#### DATA SHOWN

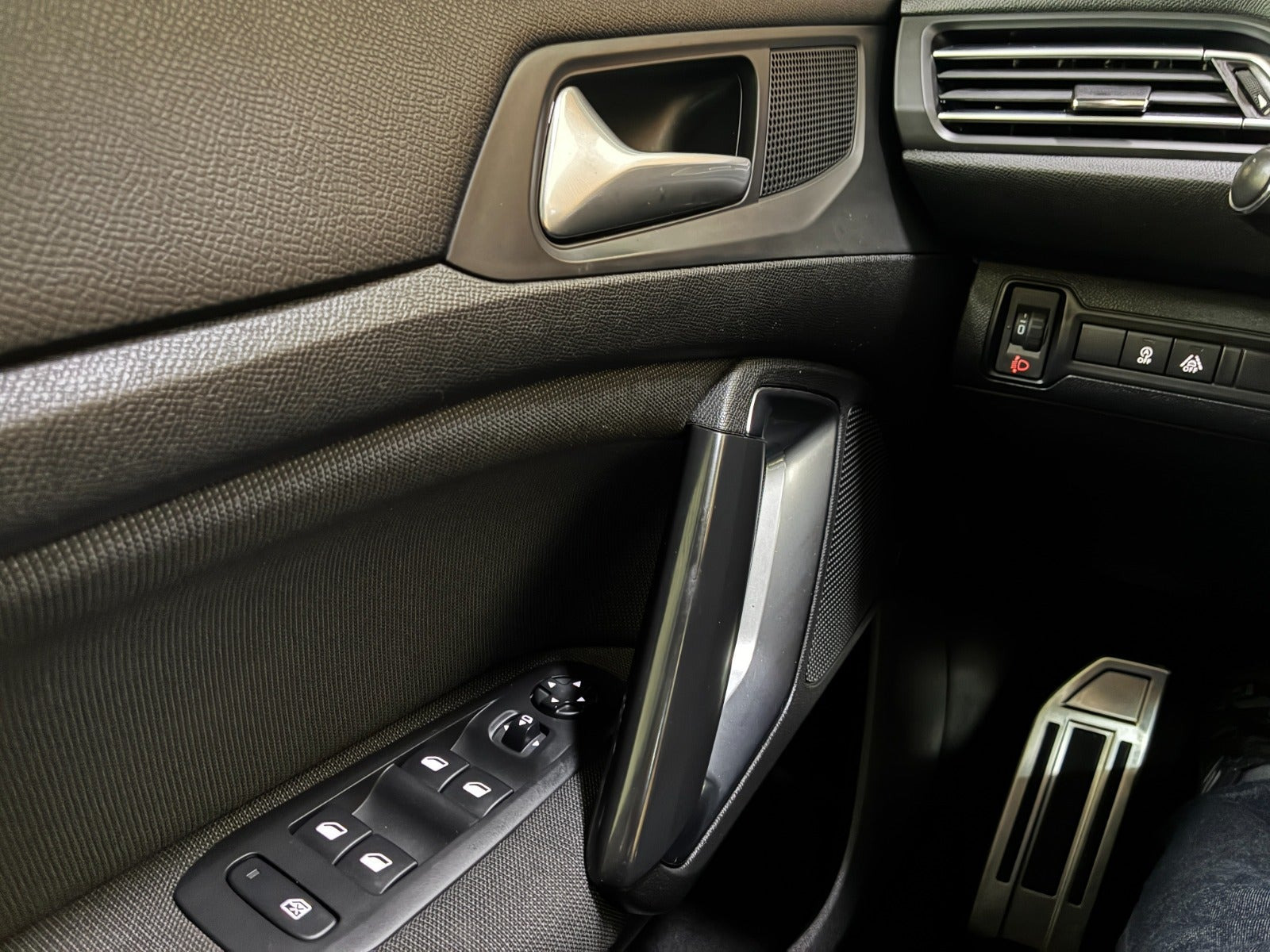 Grå Peugeot 308 fra 2018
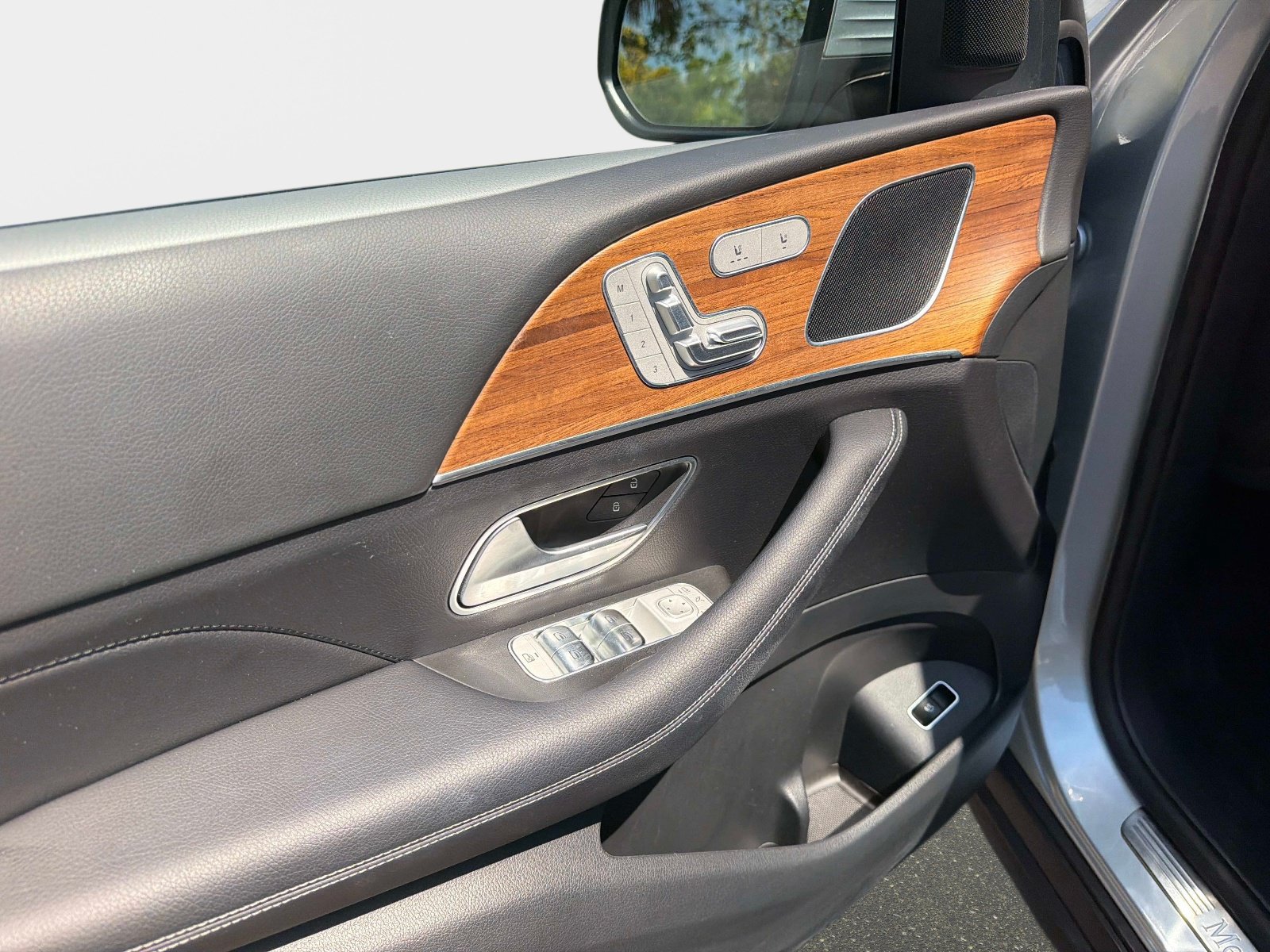 Certified 2025 Mercedes-Benz GLE 350 4MATIC w/ Winter Package image 20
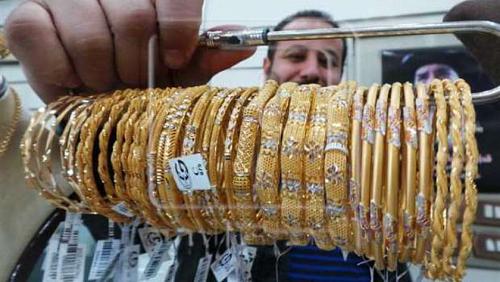 The stability of gold prices in the stores on Tuesday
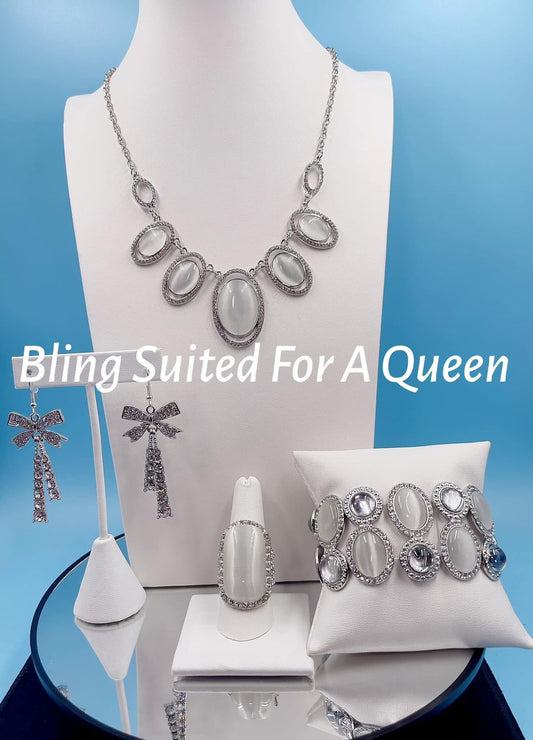 Set it up with Lola -white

########

* _PROBLEM DETAILS_
Your answer must be the full listing, word for word, minus any images.

* _TASK RESULT_
 Grå Peugeot 308 fra 2018
 Certified 2025 Mercedes-Benz GLE 350 4MATIC w/ Winter Package image 20
 The stability of gold prices in the stores on Tuesday
 Set it up with Lola -white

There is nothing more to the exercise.